Reproduce all of the data below without alteration; exclude every picture.

** Dataset content follows **

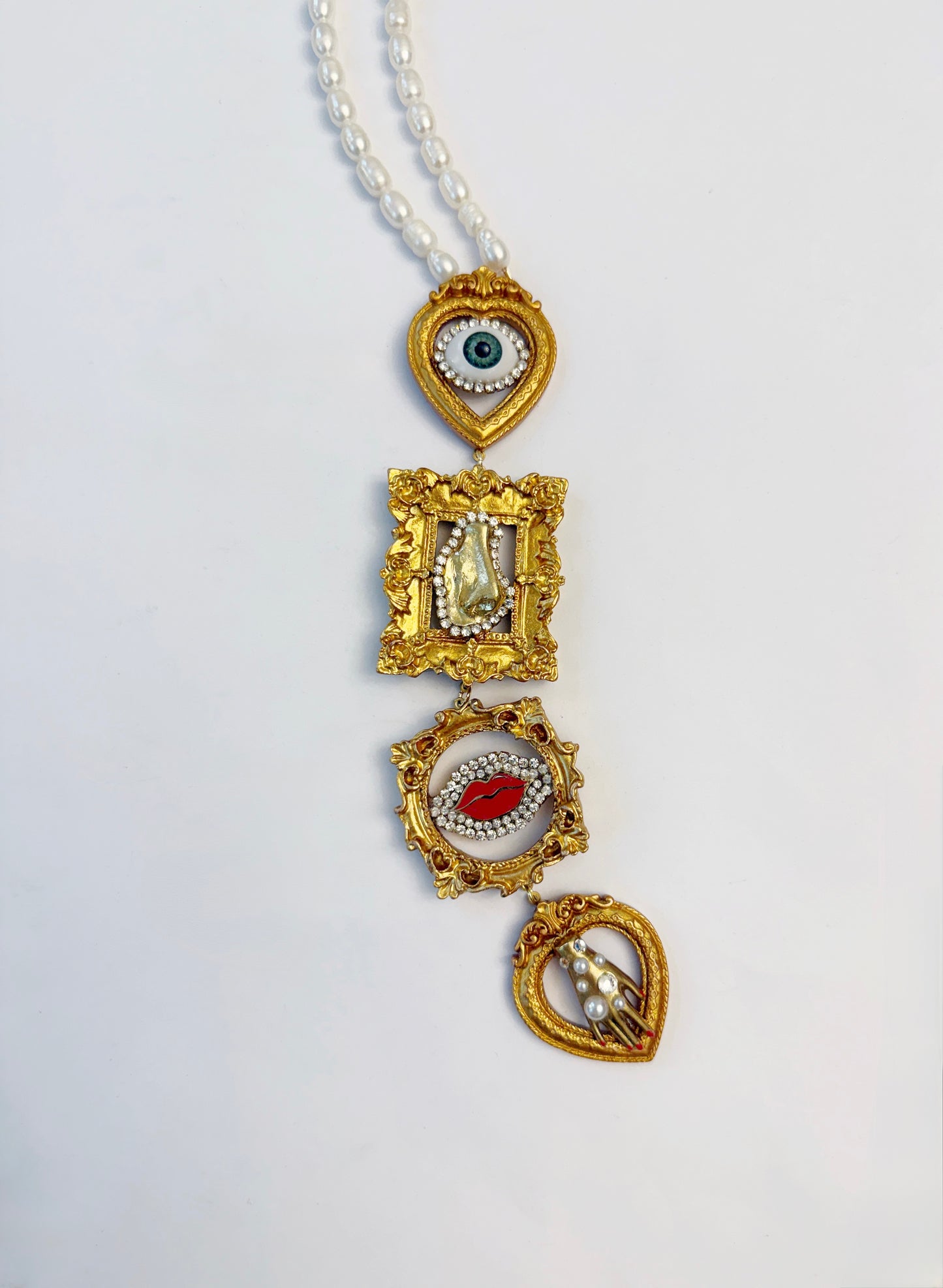 Gallery wall surrealist dream tie necklace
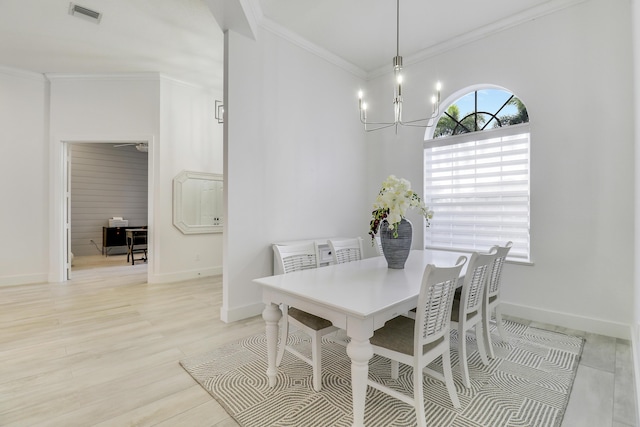 dining room featuring visible vents, baseboards, an inviting chandelier, crown molding, and light wood finished floors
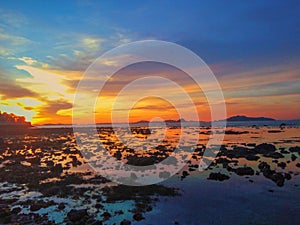 On the beach at sunset, the scenery that unfolds before the eyes is a stunning panorama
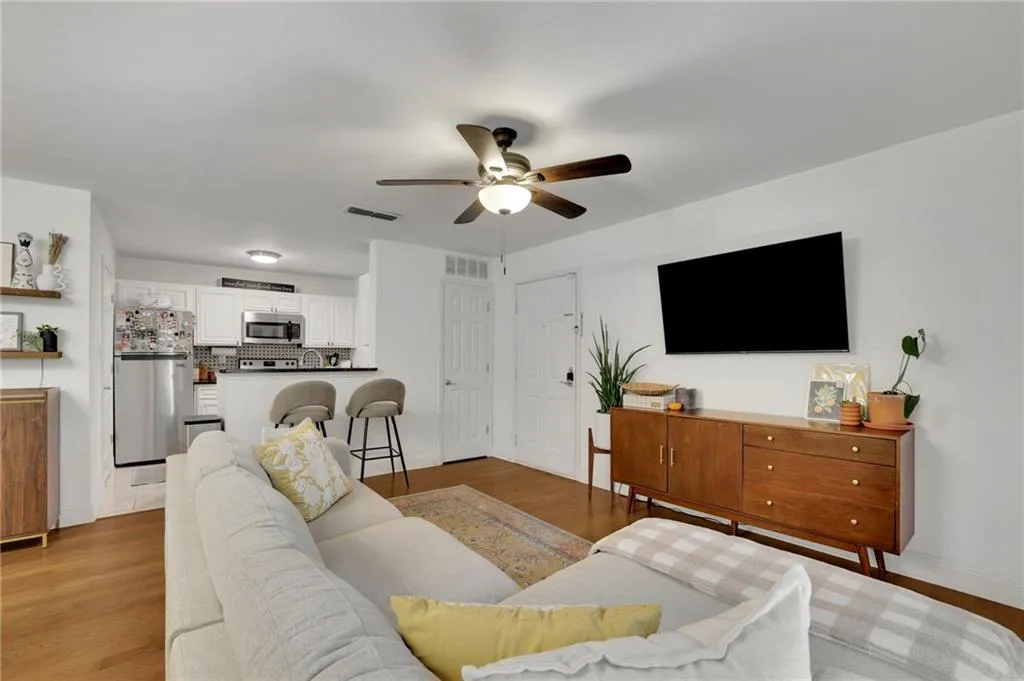 Living room with light hardwood / wood-style flooring and ceiling fan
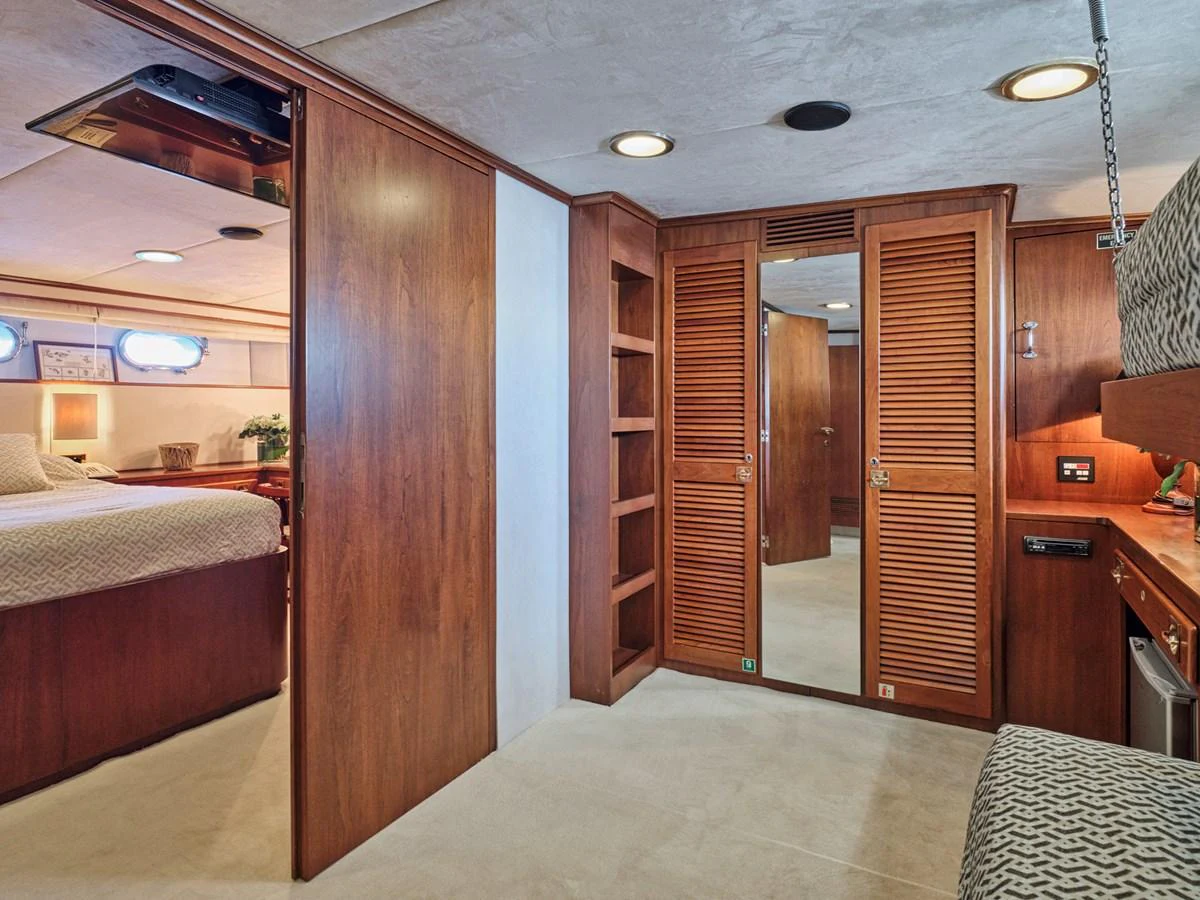 The yacht's stateroom features warm wood finishes and ample storage space. aboard RESINA Yacht for Sale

** End of Dataset content **

*Exercise output:*
 Gallery wall surrealist dream tie necklace
 dining room featuring visible vents, baseboards, an inviting chandelier, crown molding, and light wood finished floors
 On the beach at sunset, the scenery that unfolds before the eyes is a stunning panorama
 Living room with light hardwood / wood-style flooring and ceiling fan
 The yacht's stateroom features warm wood finishes and ample storage space. aboard RESINA Yacht for Sale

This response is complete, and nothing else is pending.